Records provided -
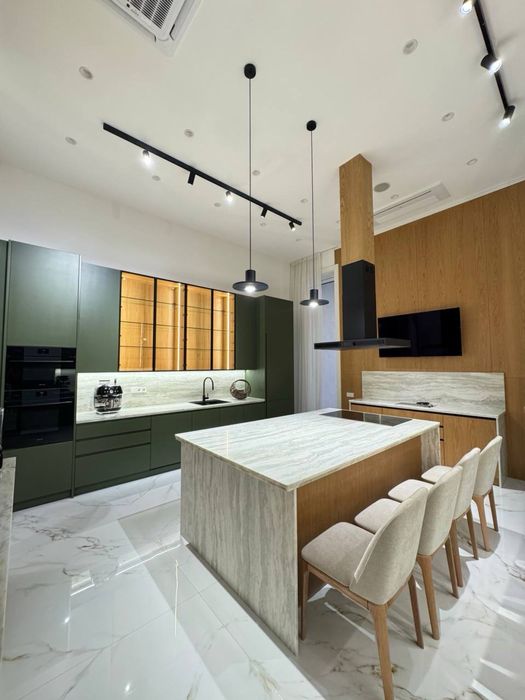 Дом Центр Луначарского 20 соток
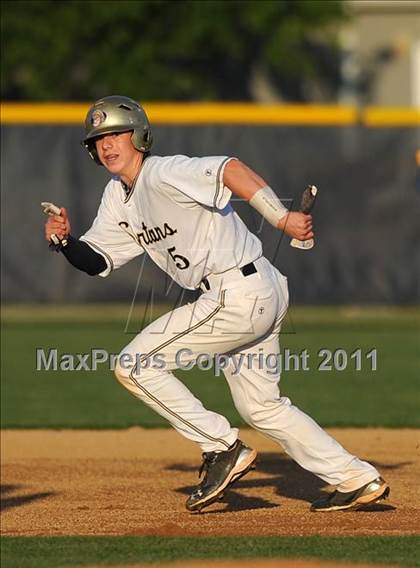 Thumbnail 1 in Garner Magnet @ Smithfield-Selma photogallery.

...

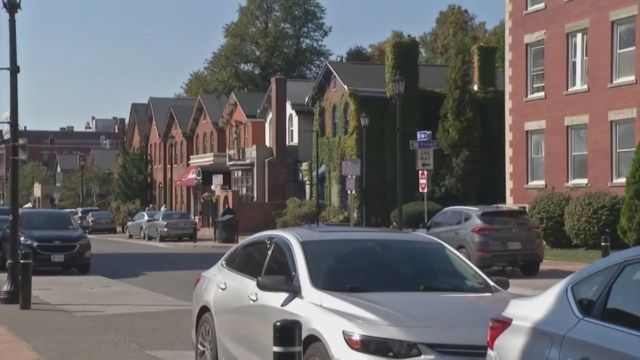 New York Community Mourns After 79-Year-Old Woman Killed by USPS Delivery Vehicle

Aim of the task - In the listing above, find the line containing "Дом Центр Луначарского 20 соток" and the line containing "Thumbnail 1 in". Reproduce those lines and all between them exactly, with no pictures and nothing more.

Exercise result -
 Дом Центр Луначарского 20 соток
 Thumbnail 1 in Garner Magnet @ Smithfield-Selma photogallery.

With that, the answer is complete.